- [What this task involves]: Nothing but the lines below from the one holding "Picture 04 - Иезекииль" up to and including the one holding "Drawstring Tapered-Leg Woven Trousers - 4" should be copied, exactly and without pictures.
===== Data provided
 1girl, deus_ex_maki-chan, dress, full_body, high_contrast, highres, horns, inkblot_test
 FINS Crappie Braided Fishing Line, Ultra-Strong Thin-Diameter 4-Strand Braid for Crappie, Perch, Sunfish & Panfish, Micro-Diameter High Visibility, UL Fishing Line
==========
===== Data provided
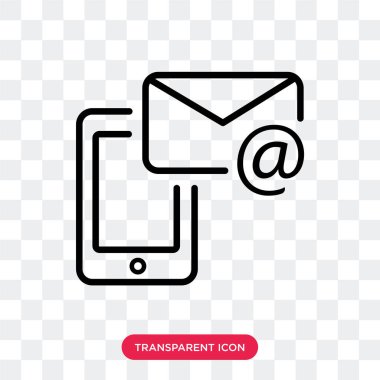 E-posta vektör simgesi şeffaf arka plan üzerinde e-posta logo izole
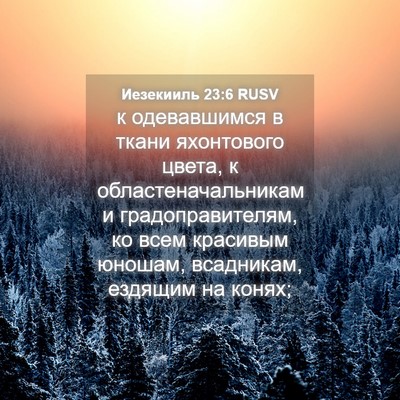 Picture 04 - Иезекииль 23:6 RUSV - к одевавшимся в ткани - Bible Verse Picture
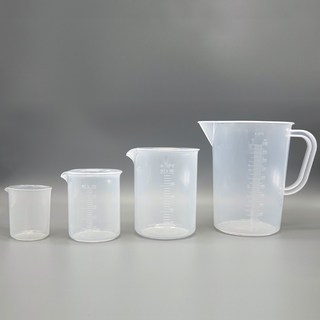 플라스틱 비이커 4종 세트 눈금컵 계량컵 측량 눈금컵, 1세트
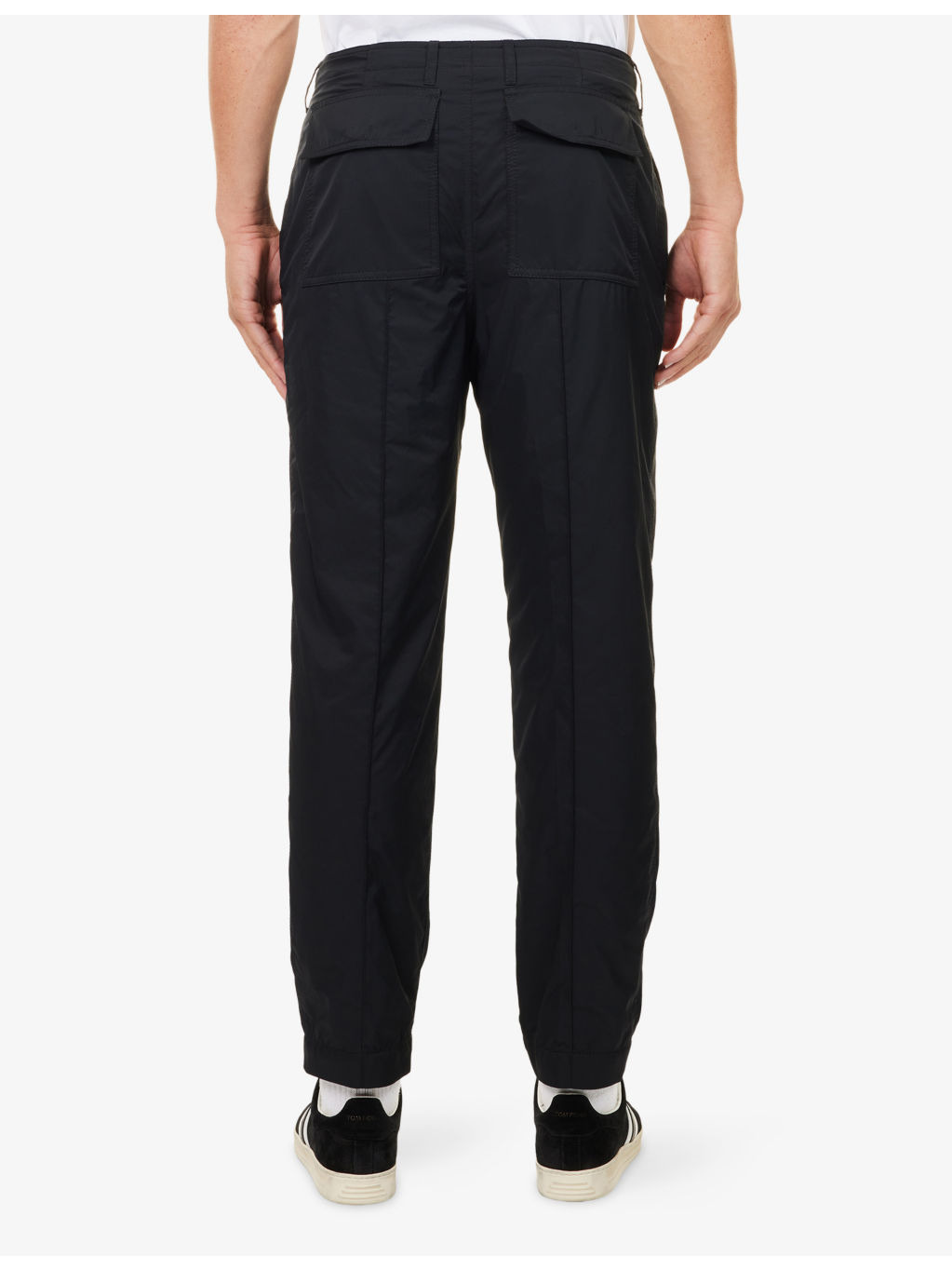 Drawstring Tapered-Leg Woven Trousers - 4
==========
- [Task response]:
 Picture 04 - Иезекииль 23:6 RUSV - к одевавшимся в ткани - Bible Verse Picture
 플라스틱 비이커 4종 세트 눈금컵 계량컵 측량 눈금컵, 1세트
 Drawstring Tapered-Leg Woven Trousers - 4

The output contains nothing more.